To which let me now add, what if God foresaw, that if force, of any kind or degree whatsoever, were allowed in behalf of truth, it would be used by erring, passionate, prejudiced men, to the restraint and ruin of truth, -as constant experience in all ages has shown,and therefore commanded that the tares should be suf. fered to grow with the wheat, till the harvest, when the infallible Judge shall sever them? That parable of our Saviour's plainly tells us, if force were once permitted, even in favour of the true religion, what mischief it was like to do in the misapplication of it, by forward, busy, mistaken men, and therefore he wholly forbid it; and yet, I hope, this does not take away civil government out of the world.

To my demanding, “What if there be other means?" and saying, “ Then yours ceases to be necessary upon that account, that there is no other means left ; for the grace of God is another means :" you answer, That “though the grace of God is another means, yet it is none of the means of which you were speaking in the place I refer to; which any one, who reads that paragraph, will find to be only human means. In that place you were endeavouring to prove force necessary to bring men to the true religion, as appears; and there having dilated for four or five pages together upon the “carelessness, prejudices, passions, lusts, impressions of education, worldly respects,” and other

the like causes, which you think mislead and keep men from the true religion; you at last conclude force necessary to bring men to it, because admonitions and entreaties not prevailing, there is no other means left. To this, grace being instanced in as another means, you tell us here you mean no other human means left. So that, to prove force necessary, you must prove that God would have other human means used besides praying, preaching, persuasion, and instruction; and for this, you will need to bring a plain direction from revelation for your moderate punishments; unless you will pretend to know, by your own natural wisdom, what means God has made necessary; without which, those whom he hath foreknown and predestinated, and will in his good time call, Romans viii. 29, by such means as he thinks fit, according to his purpose, cannot be brought into the way of salvation. Perhaps you have some warrant we know not of, to enter thus boldly into the counsel of God; without which, in another man, a modest Christian would be apt to think it presumption.

You say, there are many who are not prevailed on by prayers, entreaties, and exhortations, to embrace the true religion. What then is to be done? “Some degrees of force are necessary" to be used. Why? Because there is no other human means left. Many are not prevailed on by your moderate force. What then is to be done? Greater degrees of force are necessary, because there is no other human means left. No, say you, God has made moderate force necessary, because there is no other human means left where preaching and entreaties will not prevail; but he has not made greater degrees of force necessary, because there is no other human means left where moderate force will not prevail. So that your rule changing, where the reason continues the same, we must conclude you have some way of judging concerning the purposes and ways of the Almighty in the work of salvation, which every one understands not.

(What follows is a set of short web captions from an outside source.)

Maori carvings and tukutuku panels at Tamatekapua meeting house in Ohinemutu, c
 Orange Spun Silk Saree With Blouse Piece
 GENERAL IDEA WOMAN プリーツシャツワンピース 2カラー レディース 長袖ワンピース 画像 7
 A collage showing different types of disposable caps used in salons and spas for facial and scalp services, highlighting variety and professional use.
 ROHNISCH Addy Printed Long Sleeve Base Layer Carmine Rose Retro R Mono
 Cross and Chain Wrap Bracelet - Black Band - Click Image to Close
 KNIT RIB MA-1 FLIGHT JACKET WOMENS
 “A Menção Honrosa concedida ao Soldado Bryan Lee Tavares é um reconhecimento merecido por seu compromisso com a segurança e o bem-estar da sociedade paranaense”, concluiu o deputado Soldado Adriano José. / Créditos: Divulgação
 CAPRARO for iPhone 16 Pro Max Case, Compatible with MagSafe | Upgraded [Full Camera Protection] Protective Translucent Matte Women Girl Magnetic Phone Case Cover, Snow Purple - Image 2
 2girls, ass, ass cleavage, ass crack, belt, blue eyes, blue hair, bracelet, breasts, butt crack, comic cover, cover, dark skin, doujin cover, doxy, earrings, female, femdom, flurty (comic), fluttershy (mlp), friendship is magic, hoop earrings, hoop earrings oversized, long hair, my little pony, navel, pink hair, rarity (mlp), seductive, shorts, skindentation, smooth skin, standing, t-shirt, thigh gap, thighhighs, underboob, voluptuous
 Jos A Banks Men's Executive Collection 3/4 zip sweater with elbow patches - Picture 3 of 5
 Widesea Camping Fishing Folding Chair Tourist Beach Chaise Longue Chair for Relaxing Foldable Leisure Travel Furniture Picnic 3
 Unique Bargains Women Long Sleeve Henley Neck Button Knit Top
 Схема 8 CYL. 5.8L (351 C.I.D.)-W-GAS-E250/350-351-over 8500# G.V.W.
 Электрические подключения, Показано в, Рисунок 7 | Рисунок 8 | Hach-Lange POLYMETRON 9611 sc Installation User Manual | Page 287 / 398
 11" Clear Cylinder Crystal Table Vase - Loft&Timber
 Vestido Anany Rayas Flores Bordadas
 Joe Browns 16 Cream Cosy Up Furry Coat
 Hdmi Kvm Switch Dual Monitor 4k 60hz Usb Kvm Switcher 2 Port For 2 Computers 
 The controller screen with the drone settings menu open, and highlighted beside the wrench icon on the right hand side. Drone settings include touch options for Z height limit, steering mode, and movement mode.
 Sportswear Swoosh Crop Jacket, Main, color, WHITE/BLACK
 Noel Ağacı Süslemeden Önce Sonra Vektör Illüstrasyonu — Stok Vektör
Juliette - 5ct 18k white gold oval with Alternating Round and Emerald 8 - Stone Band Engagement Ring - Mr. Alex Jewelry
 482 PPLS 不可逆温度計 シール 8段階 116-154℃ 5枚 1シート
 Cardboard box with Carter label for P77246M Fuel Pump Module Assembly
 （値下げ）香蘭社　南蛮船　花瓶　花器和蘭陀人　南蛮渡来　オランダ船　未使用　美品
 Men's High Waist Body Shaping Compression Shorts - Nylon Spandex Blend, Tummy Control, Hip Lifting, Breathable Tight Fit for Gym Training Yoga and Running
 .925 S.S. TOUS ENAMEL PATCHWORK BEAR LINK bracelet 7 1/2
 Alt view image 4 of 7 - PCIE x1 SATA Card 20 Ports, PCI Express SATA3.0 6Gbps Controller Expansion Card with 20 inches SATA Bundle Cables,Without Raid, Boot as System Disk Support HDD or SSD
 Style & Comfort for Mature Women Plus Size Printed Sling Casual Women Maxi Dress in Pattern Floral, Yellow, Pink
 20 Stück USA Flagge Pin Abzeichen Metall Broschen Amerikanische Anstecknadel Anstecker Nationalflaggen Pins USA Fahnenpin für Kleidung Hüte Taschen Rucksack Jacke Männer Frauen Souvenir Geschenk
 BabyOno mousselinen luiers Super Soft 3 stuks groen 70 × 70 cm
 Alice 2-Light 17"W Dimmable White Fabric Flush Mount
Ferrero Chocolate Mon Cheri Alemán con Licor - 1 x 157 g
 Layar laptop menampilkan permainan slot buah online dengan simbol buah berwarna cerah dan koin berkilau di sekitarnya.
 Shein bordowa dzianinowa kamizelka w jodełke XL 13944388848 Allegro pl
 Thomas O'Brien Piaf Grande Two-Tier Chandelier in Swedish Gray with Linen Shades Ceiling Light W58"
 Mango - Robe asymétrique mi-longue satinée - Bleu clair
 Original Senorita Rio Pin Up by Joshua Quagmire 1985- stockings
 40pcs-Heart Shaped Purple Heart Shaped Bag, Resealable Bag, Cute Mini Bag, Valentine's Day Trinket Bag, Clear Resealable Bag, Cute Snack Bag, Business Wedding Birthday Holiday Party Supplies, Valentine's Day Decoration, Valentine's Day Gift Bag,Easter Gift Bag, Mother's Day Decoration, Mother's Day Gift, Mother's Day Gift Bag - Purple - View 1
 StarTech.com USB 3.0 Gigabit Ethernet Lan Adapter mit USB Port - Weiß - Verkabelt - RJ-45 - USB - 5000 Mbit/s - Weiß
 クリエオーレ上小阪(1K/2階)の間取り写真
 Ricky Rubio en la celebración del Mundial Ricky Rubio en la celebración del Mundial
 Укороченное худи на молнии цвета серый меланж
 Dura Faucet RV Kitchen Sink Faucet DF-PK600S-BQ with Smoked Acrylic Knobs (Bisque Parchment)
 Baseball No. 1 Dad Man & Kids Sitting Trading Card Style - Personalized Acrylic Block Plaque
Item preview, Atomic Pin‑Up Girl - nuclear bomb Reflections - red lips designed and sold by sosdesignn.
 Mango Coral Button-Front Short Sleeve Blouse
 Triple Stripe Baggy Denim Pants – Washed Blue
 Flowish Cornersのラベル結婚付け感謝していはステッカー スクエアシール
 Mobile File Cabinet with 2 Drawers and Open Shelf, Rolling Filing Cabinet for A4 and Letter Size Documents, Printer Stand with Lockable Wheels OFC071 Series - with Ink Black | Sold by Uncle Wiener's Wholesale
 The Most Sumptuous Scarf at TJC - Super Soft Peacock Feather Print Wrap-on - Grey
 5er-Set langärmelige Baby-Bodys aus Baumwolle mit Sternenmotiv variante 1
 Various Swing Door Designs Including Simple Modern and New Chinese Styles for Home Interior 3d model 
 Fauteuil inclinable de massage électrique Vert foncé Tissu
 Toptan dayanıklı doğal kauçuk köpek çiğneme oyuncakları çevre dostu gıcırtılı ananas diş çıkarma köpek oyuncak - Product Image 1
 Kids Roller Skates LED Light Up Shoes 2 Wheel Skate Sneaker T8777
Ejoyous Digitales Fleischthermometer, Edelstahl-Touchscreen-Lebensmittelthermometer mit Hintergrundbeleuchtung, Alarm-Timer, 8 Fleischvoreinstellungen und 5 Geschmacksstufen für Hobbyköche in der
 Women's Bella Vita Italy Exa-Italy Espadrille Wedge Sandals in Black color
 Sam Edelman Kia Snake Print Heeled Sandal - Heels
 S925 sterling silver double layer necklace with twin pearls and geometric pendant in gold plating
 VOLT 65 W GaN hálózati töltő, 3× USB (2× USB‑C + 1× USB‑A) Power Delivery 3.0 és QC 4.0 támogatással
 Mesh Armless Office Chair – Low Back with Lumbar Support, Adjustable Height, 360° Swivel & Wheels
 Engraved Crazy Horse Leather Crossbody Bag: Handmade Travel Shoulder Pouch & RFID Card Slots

You would not else, upon so slight ground as you have yet produced for it, which is nothing but your own imagination, make force, your moderate force, so necessary, that you bring in question the wisdom and

bounty of the Disposer and Governor of all things, as if he “had not furnished mankind with competent means for the promoting his own honour in the world, and the good of souls,” if your moderate force were wanting to bring them to the true religion ; whereas you know that most of the nations of the world always were destitute of this human means to bring them to the true religion. And I imagine you would be put to it, to name me one now, that is furnished with it.

Besides, if you please to remember what you say in the next words : “ And therefore, though the grace of God be both a proper and sufficient means, and such as can work by itself, and without which neither penalties nor any other means can do any thing,” and by consequence can make any means effectual; how can you say any human means, in this supernatural work, unless what God has declared to be so, is necessary? Preaching, and instruction, and exhortation, are human means that he has appointed: these, therefore, men may and ought to use; they have a commission from God, and may expect his blessing and the assistance of his grace; but to suppose, when they are used and prevail not, that force is necessary, because these are not sufficient, is to exclude grace, and ascribe this work to human means; as in effect you do, when you call force competent and sufficient means, as you have done. For if bare preaching, by the assistance of grace, can and will certainly prevail: and moderate penalties, as you confess, or any kind of force, without the assistance of grace, can do nothing; how can you say, that force is in any case a more necessary or a more competent or sufficient means than bare preaching and instruction ; unless you can show us, that God hath promised the co-operation and assistance of his grace to force, and not to preaching? The contrary whereof has more of appearance. Preaching and persuasion are not competent means, you say: Why? because without the co-operation of grace they can do nothing: but by the assistance of grace they can prevail even without force. Force too, without grace, you acknowledge can do nothing; but, joined with preaching and grace, it can prevail. Why then, I

pray, is it a more competent means than preaching; or why necessary, where preaching prevails not ? since it can do nothing without that, which, if joined to preaching, can make preaching effectual without it.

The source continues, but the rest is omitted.